Our ability to love is determined by the decisions we make to act in a certain way. When we surrender our decision-making, we deny our greatest strength: our capacity for love. As the Scottish psychiatrist R. D. Laing suggests, this is what Ivan in The Brothers Karamazov means when he says, “If God does not exist, everything is permissible.” When mindfulness is taught as open, nonjudgmental reception of all experience, “everything is permissible.” We relinquish our ability to choose to take action guided by the heart. We deny the heart. As a result, we find ourselves in an environment in which mindfulness is taught to support endeavors that in the end may have little to do with taking action informed by love and compassion. Mindfulness is taught to soldiers for the purpose of mindful killing. Mindfulness is taught to business leaders for the purpose of increasing profits. Mindfulness is taught to lawyers for the purpose of winning more cases. The examples are seemingly endless.

As we learn to take action informed by the heart, we begin to see what we previously may not have been able to see.
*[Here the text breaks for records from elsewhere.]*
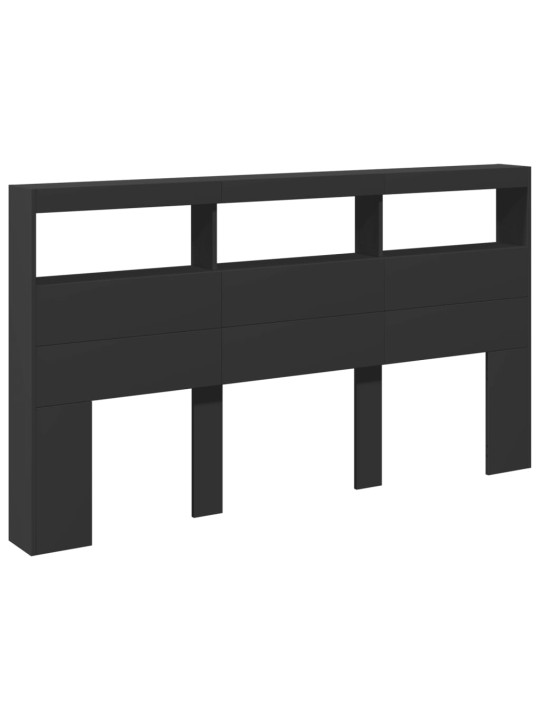 Čelo postele s úložným prostorem a LED černé 180 x 17 x 102 cm
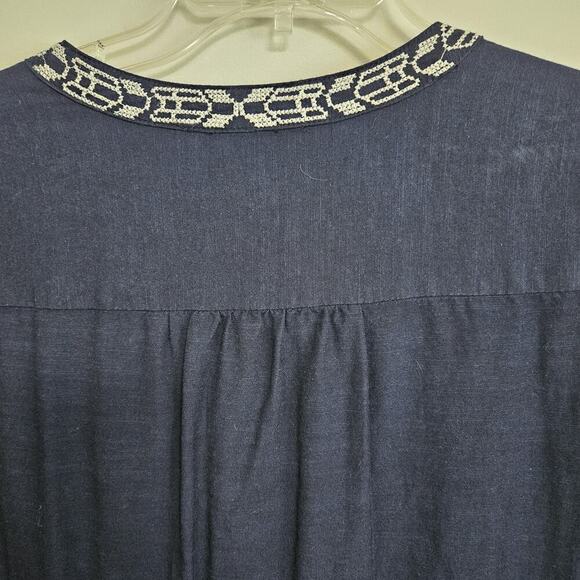Gap Navy Blue Embroidered Mini Dress Sz M Drawstring Waist Pockets Lined - Picture 9 of 9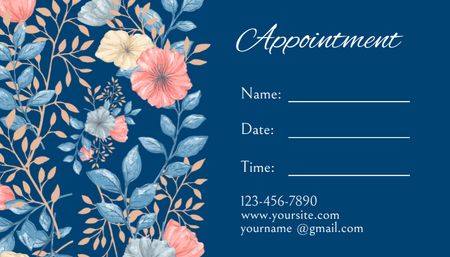 Appointment of Meeting with Event Planner on Blue Business Card US Design Template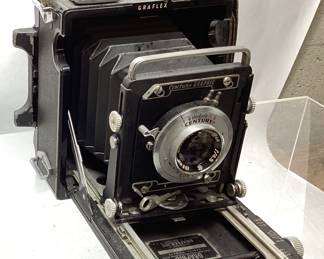 GRAFLEX CENTURY GRAPHIC CAMERA w TRIOPTAR 103mm LENS, IN GOOD CONDITION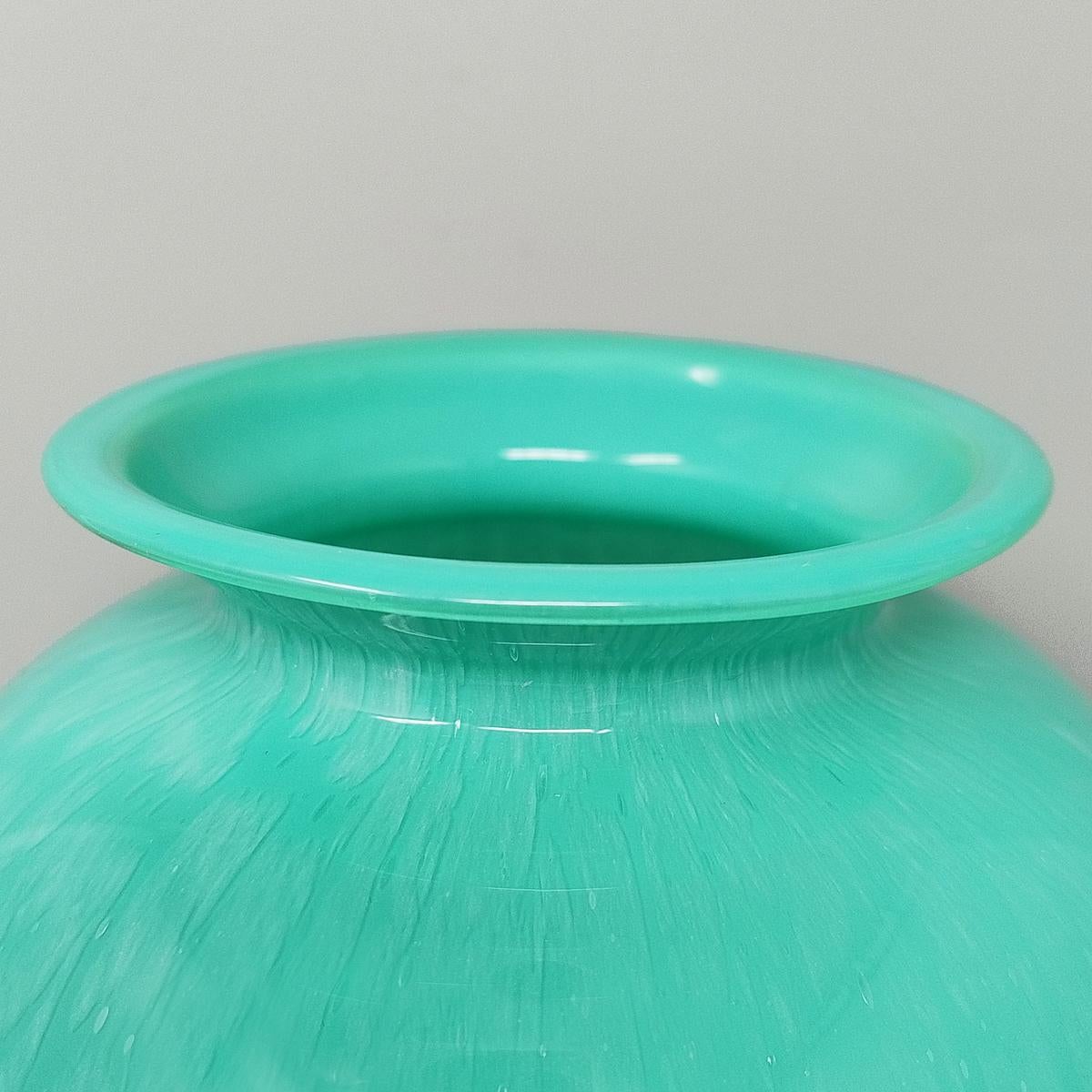 Italian 1970s Exquisited Handcrafted Green Vase by V.A.M. in Murano Glass. Made in Italy For Sale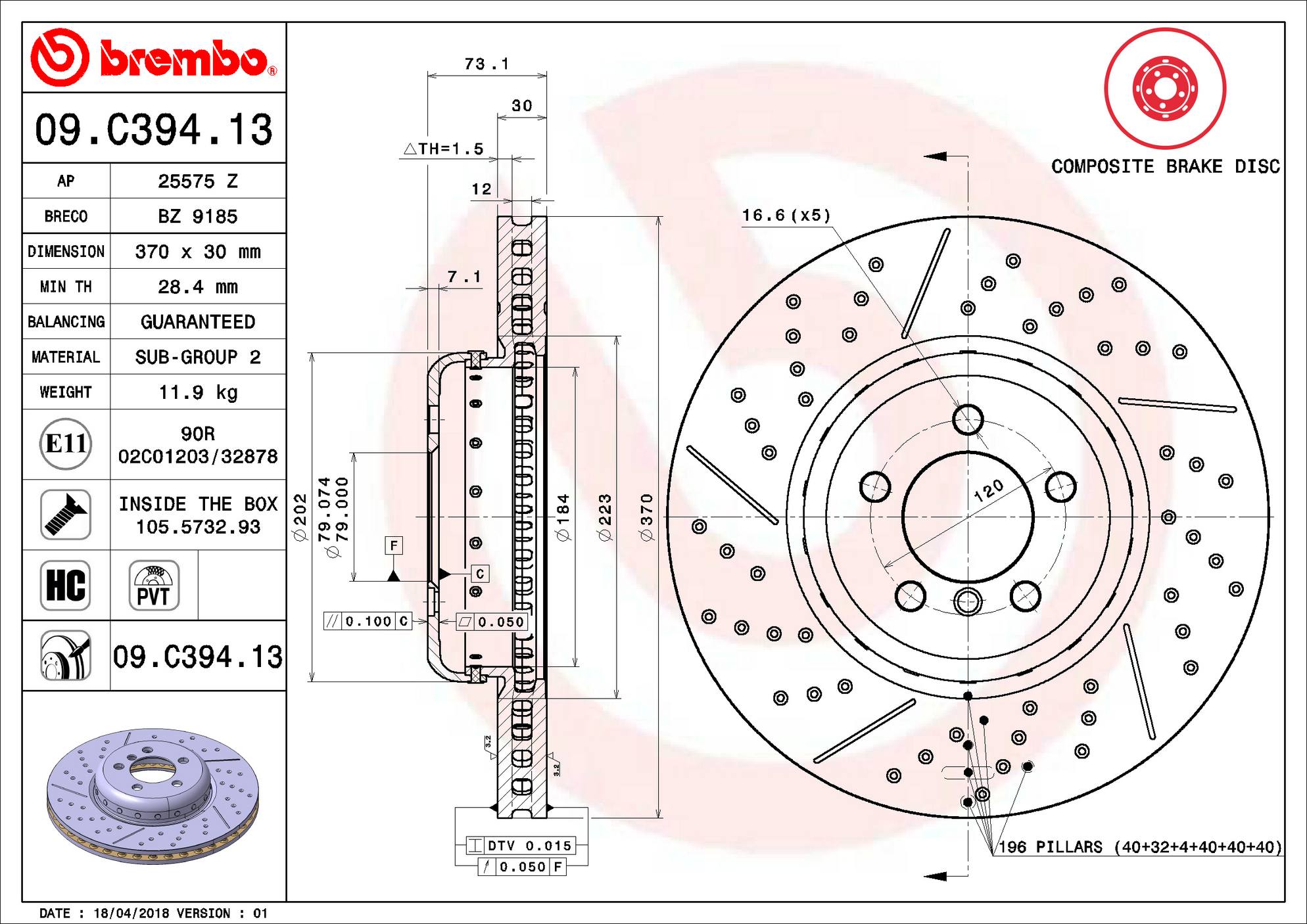 BMW Disc Brake Rotor - Front (370mm) 34106797603 Brembo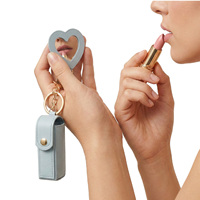 Porte-rouge à lèvres personnalisé en cuir PU avec miroir en forme de cœur, mini étui de rangement pour maquillage, breloques pour sacs, cadeaux promotionnels pour marques de beauté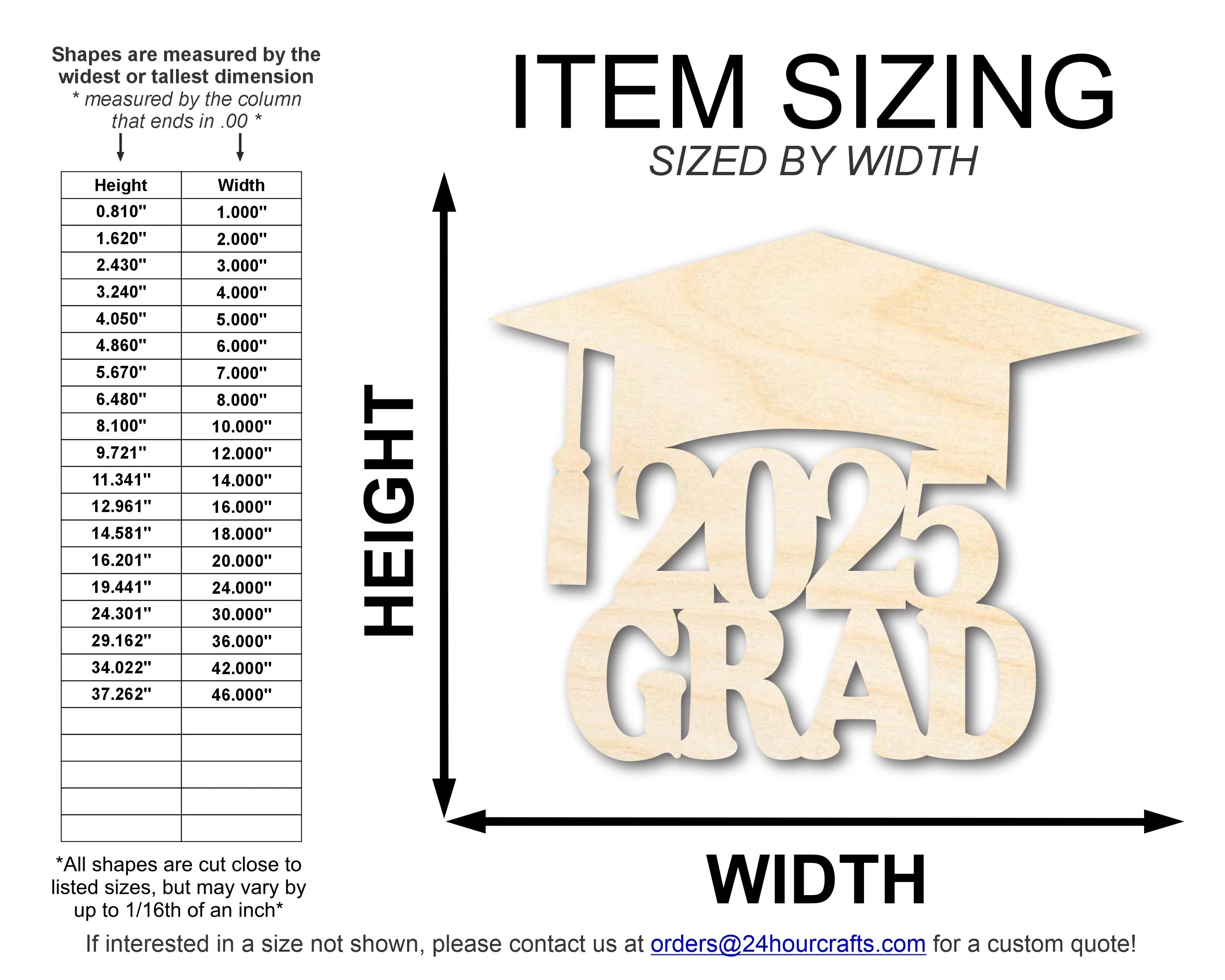 Unfinished Wood 2025 Grad Shape | DIY Craft Cutout | up to 46" DIY - Image 2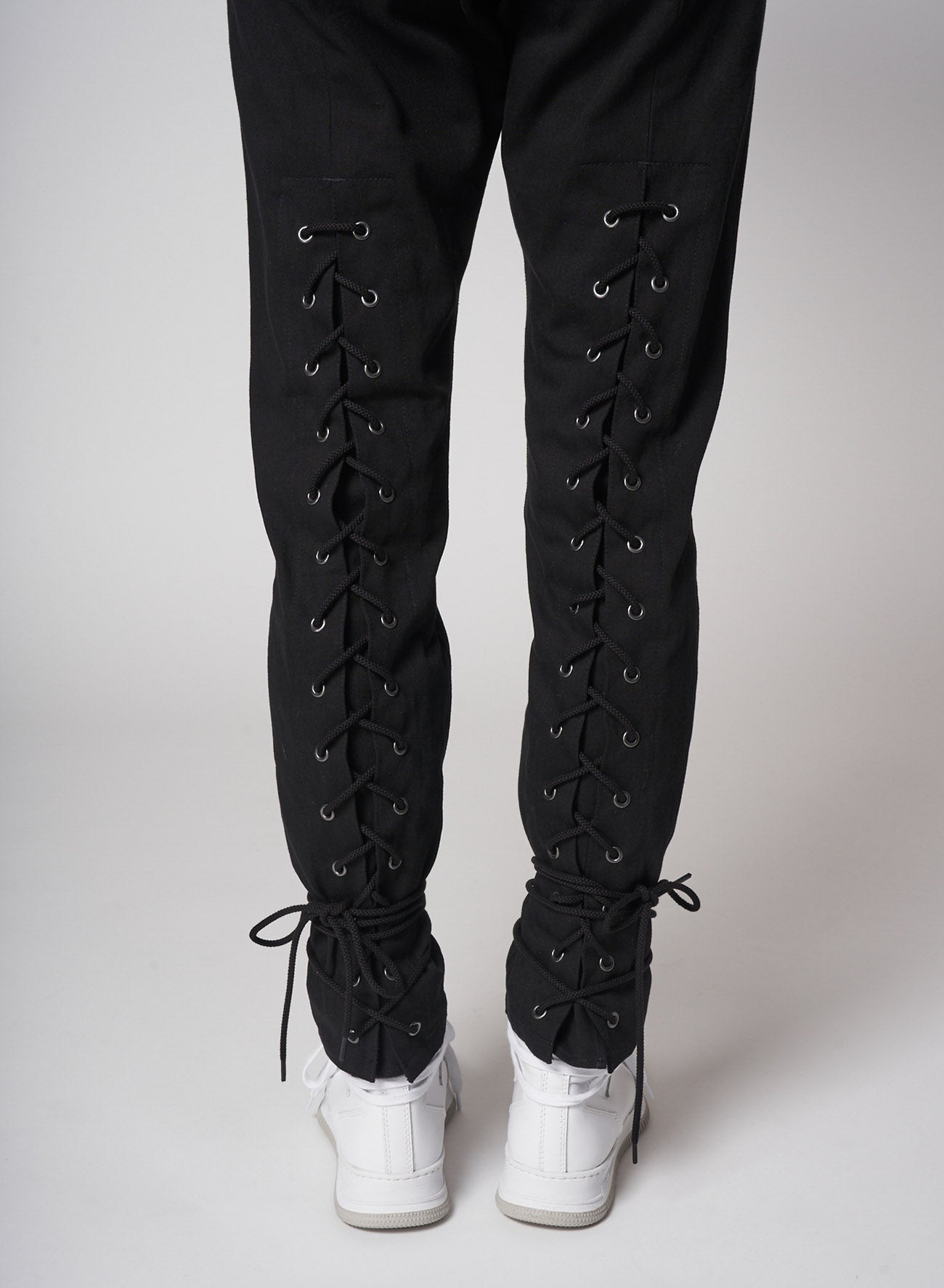 Black Denim Back Lace Up Pants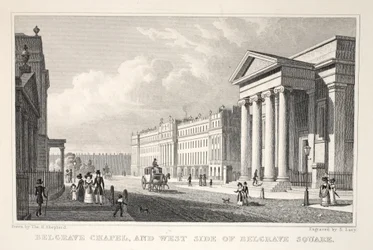 Belgrave Chapel og West Side of Belgrave Square, fra puben 
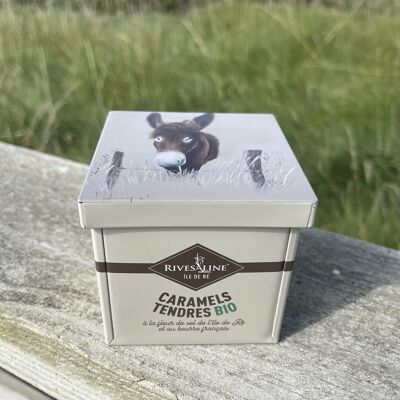 Organic soft caramels Metal donkey box 150g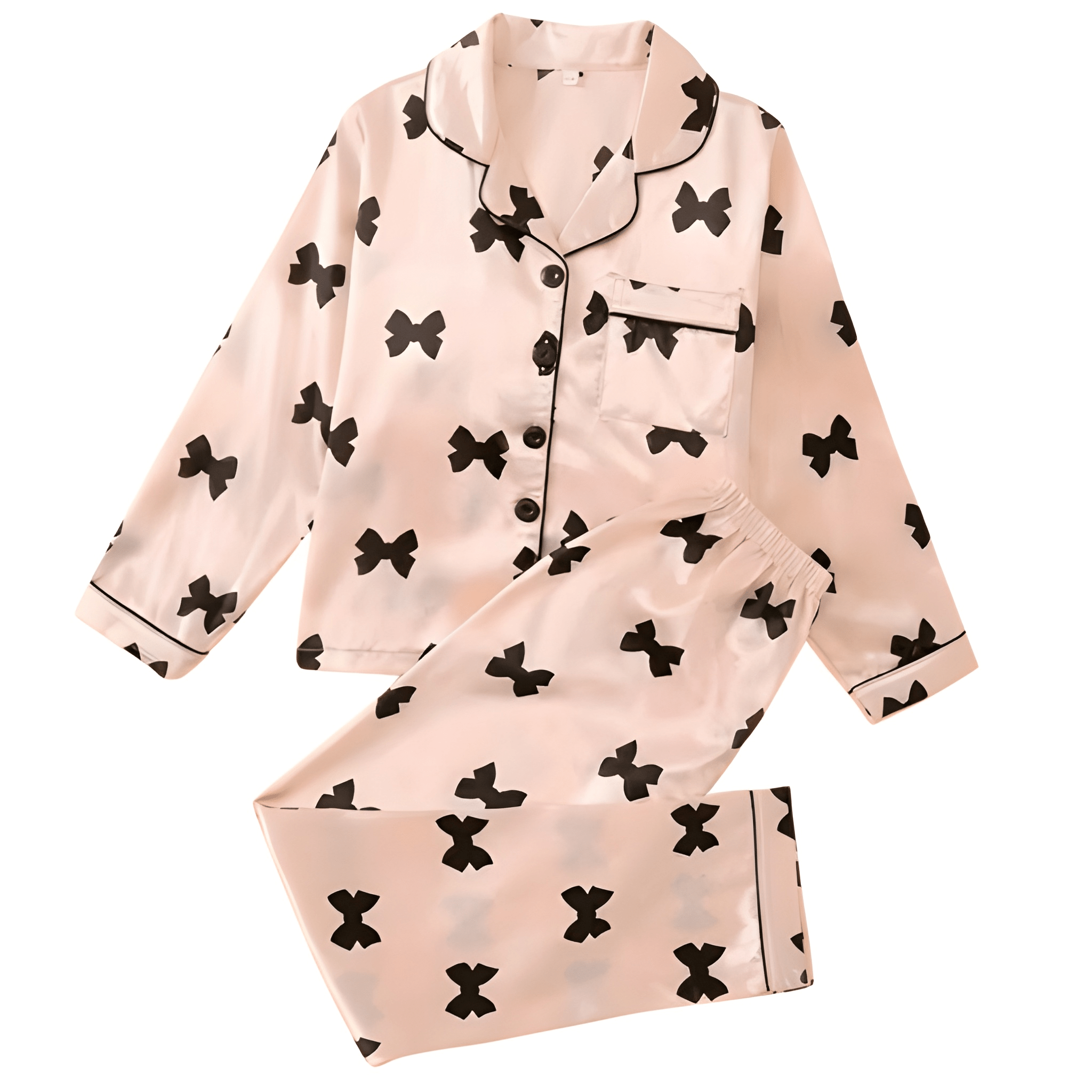 Kids Bowknot Print Pajama Set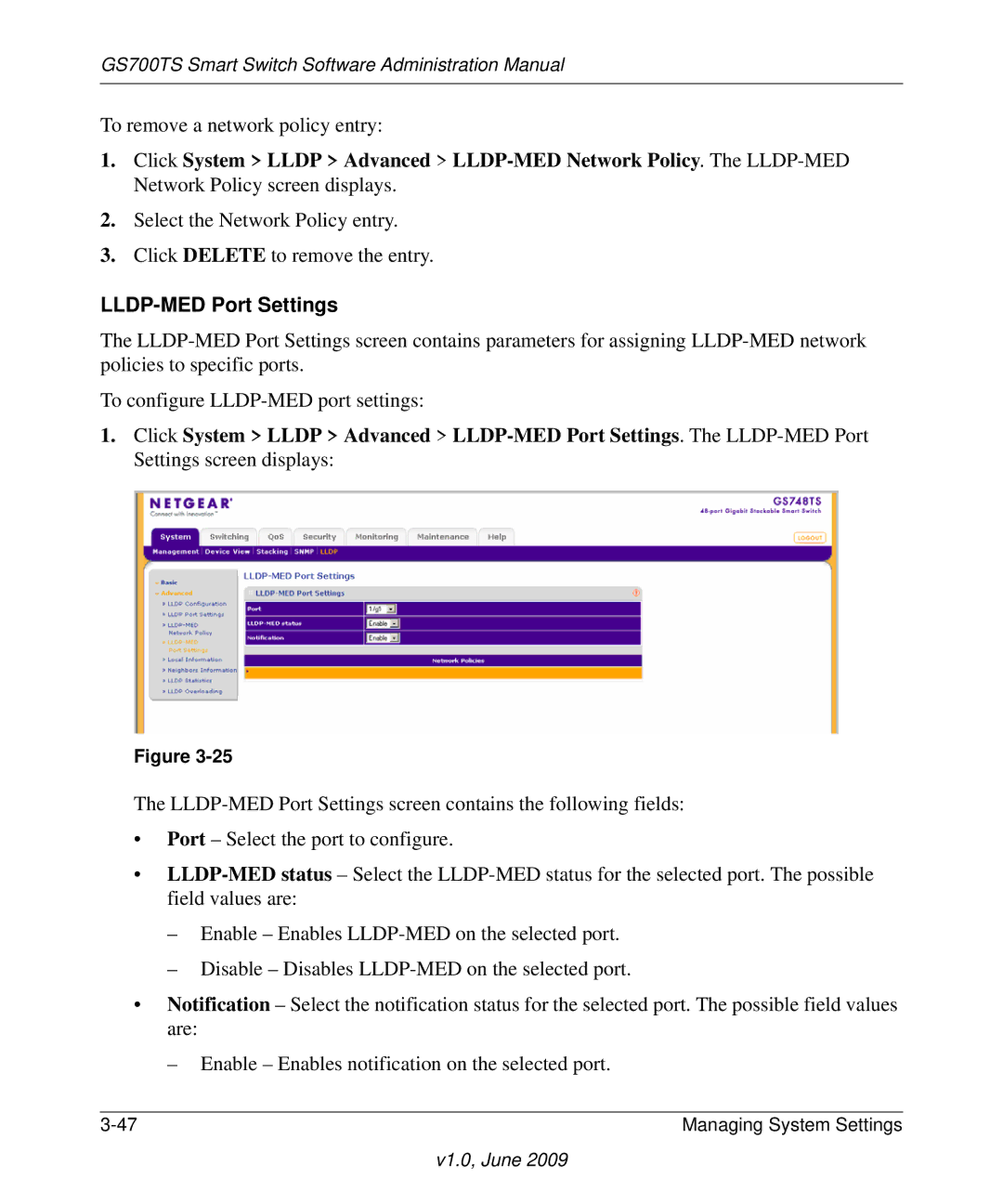 NETGEAR GS748TS manual LLDP-MED Port Settings 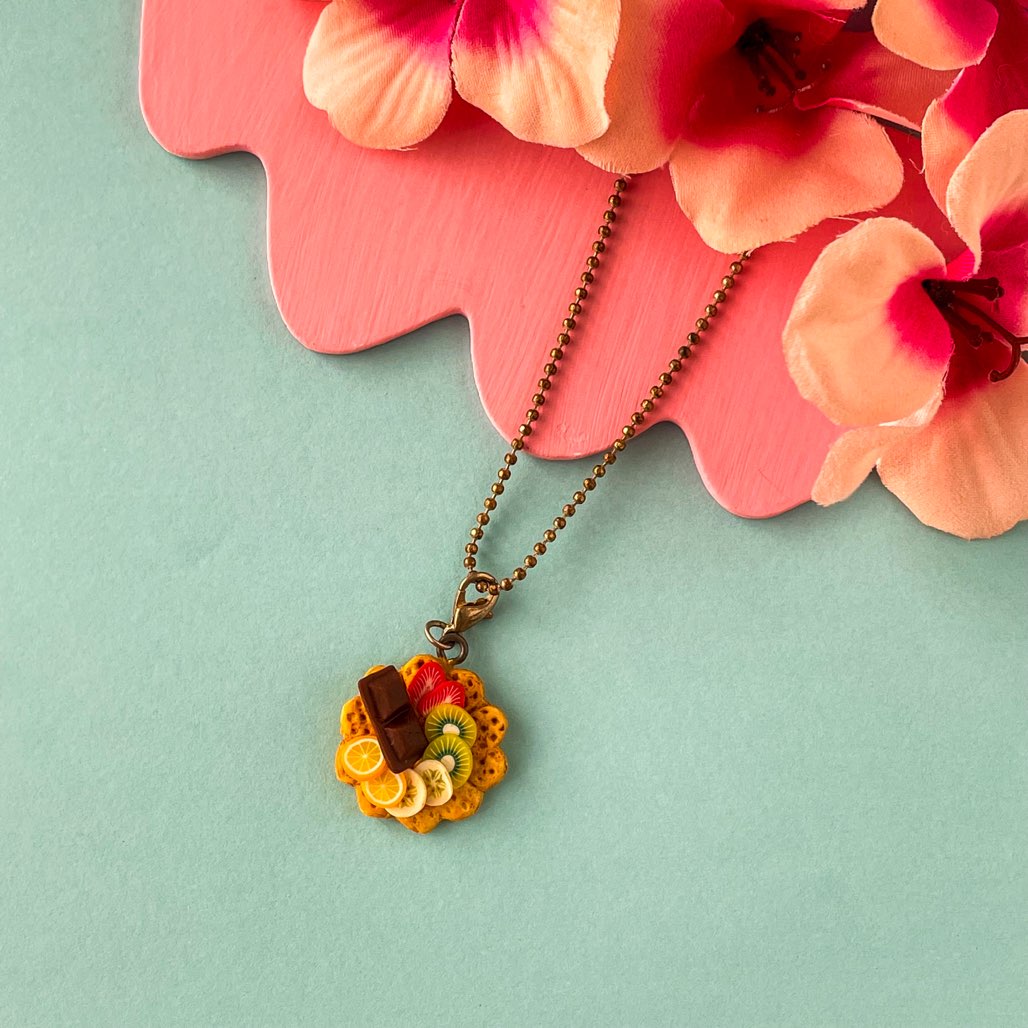 Heart Waffles With Mini Fruit Topping Charm Pendant Necklace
A world of possible actions opens up for us. Before we learn to consciously choose our actions, we tend to go along with the course prescribed for us by the vicissitudes of history, our upbringing, the culture, and so on. We go with the flow. We remain, as Nietzsche would say, with the herd. As we learn to make decisions proactively, determined by what’s in the best interests of our heart, we often find that the actions we’re moved to take are patently countercultural. That is to say, when we decide to not simply go with the flow, with what the culture is dictating, we find that what constitutes an expression of self-love may be something quite different from what the culture is telling us. The American Catholic writer and monk Thomas Merton makes this point most exquisitely when he says, “What is serious to men is often very trivial in the sight of God. What in God might appear to us as ‘play’ is perhaps what He Himself takes most seriously.” Indeed, action that we choose based on the dictates of the heart may very well be more akin to play. As children we knew what we had to do; we knew where happiness was found. We knew the happiness of the heart.

We may have lost our way. We may have lost our connection to the heart. We may have given up trying to know the way of the heart. We may have abandoned the effort to take conscious action informed by the heart. We may have surrendered our agency. But there is a way back to what’s most important about us. And it may, for us, as students of the dharma, begin in the simple practice of mindfulness, the proactive, purposeful mindfulness that the Buddha taught.